Michael Martin, a New York-based global infrastructure architect for security and networks, said the bigger issue for next-stage network design may hinge upon apps with the ability to multiplex and diversify how they communicate. Application models must be able to take advantage of multithreading and multi-transactional processing, he explained. "This is where you can see, at the application layer, making the most efficient use of capacity. As an engineer, I hear every day, ‘Why is network so slow?' It's not slow; it's the application."

A delicate transition to new network architectures

Upgrading networks is a very delicate transition, said Dave Chandler, practice lead for enterprise networks at St. Louis-based systems integrator World Wide Technology Inc. (WWT). "I think the industry is getting into a phase now where people understand that their networks—as they are—will be around for a very long time, but what they can do is investigate some of the low-hanging fruit potential of SDN."

To clients with questions about where to invest in their core networks, Chandler said he ultimately advises them to sit tight.

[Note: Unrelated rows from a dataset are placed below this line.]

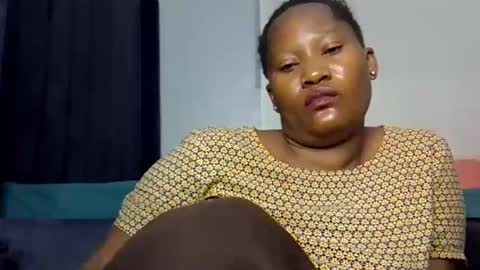 Snapshot of afronubians chatting on November 11, 9:04 pm afronubians online show from November 11, 9:04 pm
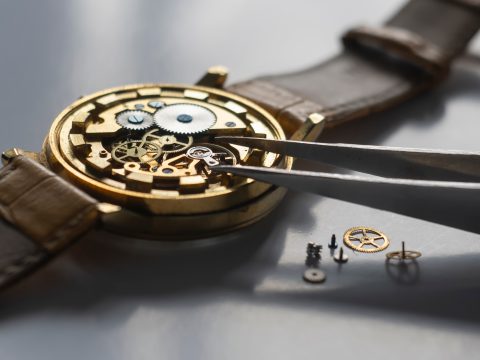 ブルガリの腕時計のオーバーホール・修理依頼方法を解説｜依頼業者選びのポイントも解説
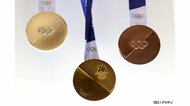 「跳んだら壊れたのよ」五輪で相次ぐメダル破損トラブル　喜びの行進中に「キーンキン」床に突然落下　ひびや部品バラバラでIOCも調査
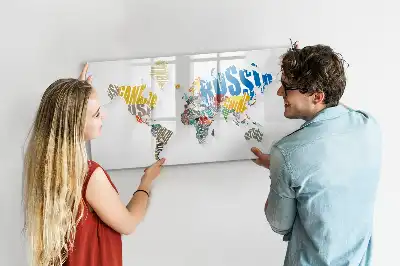 Beschreibbare Magnettafel in Form einer Weltkarte aus Text
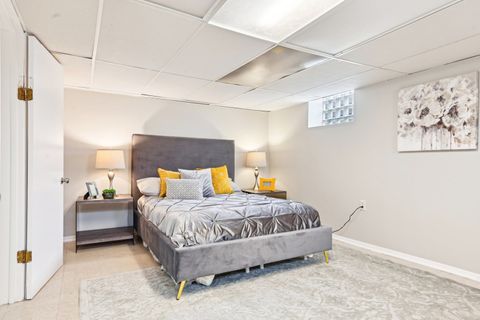 Tiny photo for 1420 Oakton Street, Park Ridge, IL 60068 (MLS # 12521830)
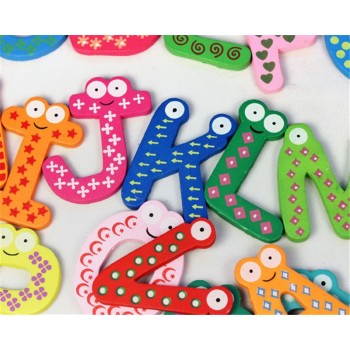 Free Shipping 2016 Hot Sale New Kids Toys 26pcs/set Wooden Cartoon Alphabet ABC~XYZ Magnets Child Educational Wooden Toy Gift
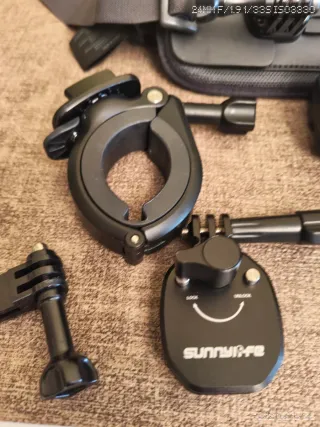 GoPro Hero 12 + Petto + Caricabatterie 4 Batterie + Telecomando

"I believe we are looking at two things right now," he said. "The initial push was development of southbound APIs, so there was a lot of talk about OpenFlow and vendor-specific APIs. Now I think the second shift is over the programmatic access to the network, and now we don't care so much how we talk on the southbound API from the controller. There is much more interest in the controller and the applications the controller can run."

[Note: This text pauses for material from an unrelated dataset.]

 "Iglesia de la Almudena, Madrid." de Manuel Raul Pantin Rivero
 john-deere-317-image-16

To that end, legacy protocols such as command-line interface and simple network management protocol may have to bridge the gap between legacy networking and SDN. "The simple legacy protocols that I'm using today"—that is, protocols that will enable administrators to continue to use their existing gear and without having to upgrade software—"I can continue to use … but more in a controller-operation model," Chandler said.

As the industry moves forward and sees a better or richer development of APIs or OpenFlow, organizations can then upgrade but remain grounded in a controller-operation model.

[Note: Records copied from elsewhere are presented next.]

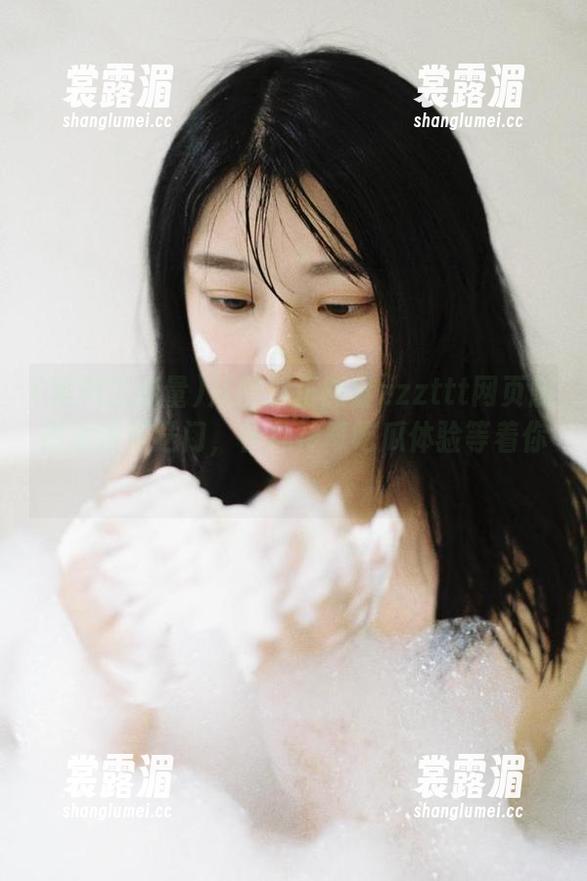 黑料正能量 从黑料正能量zzzttt网页随便跳进传送门,各种神奇吃瓜体验等着你!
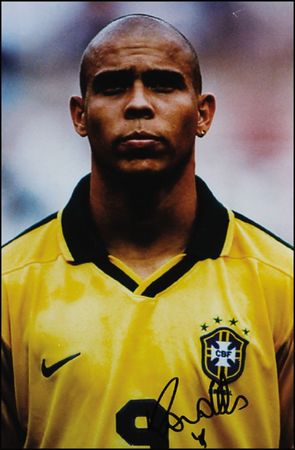 Lot #1393 Brazilian Soccer Stars Whose Names Begin With R - Image 3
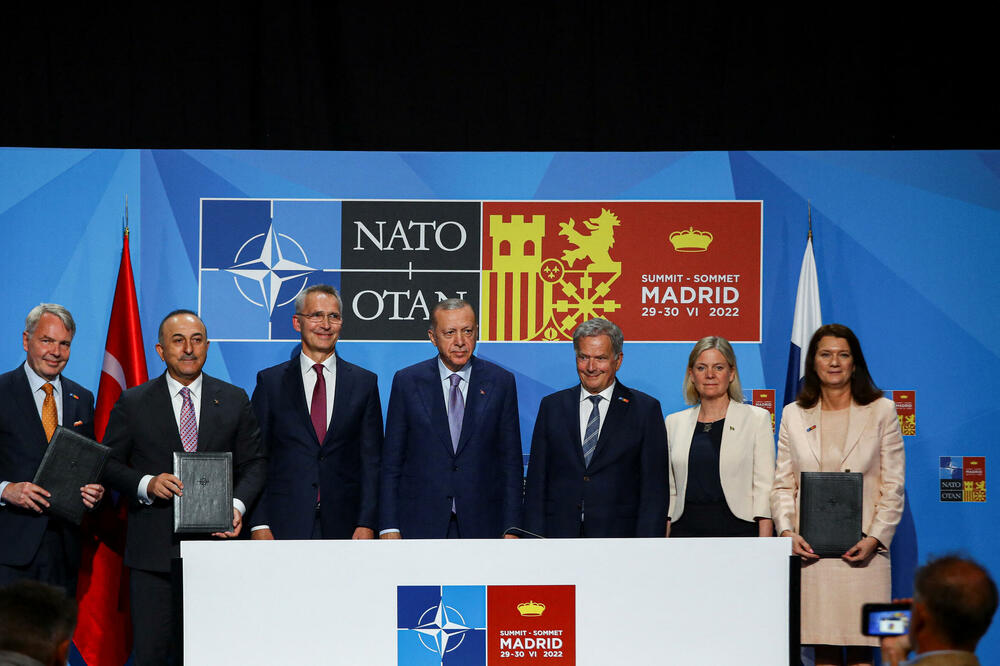 Havisto, Čavušoglu, Stoltenberg, Erdogan, Ninisto, Anderson i Linde na samitu NATO u Madridu, Foto: Reuters
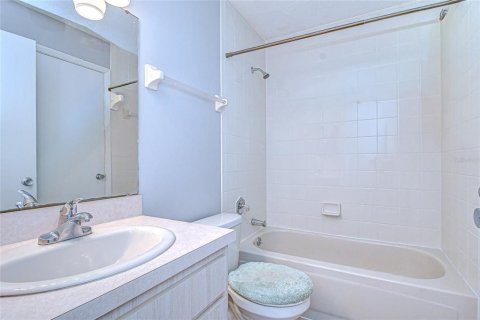 House in Zephyrhills, Florida 2 bedrooms, 88.44 sq.m. № 2236105 - photo 8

Network administrators will be able to take a page from cloud's evolution to help them map their migration paths, said Chandler.

"We will begin to build out, maybe a network management tool or some sort of programmatic access tool, that will permit us to use our old mechanisms and then move them into this new process over time. It won't be a big bang. Cloud wasn't a big bang."

Likewise, overlay networks and approaches that rely on traditional legacy protocols to serve as southbound APIs out of the controller will ensure that legacy networks continue to thrive.

"The message is to continue to invest in existing infrastructure, and at WWT we are still training and demonstrating the networks we have been training and demonstrating for years," Chandler said, adding that where a next-stage implementation might make sense, say, for a network tap, WWT is showing its clients how an SDN-flavored tap would differ from a conventional device. "It's doing the same function, but a different capability because it's coming from a controller," Chandler said. "This is how we can help the customer decide where is the right place to continue legacy investments and where to move into SDN, at least initially."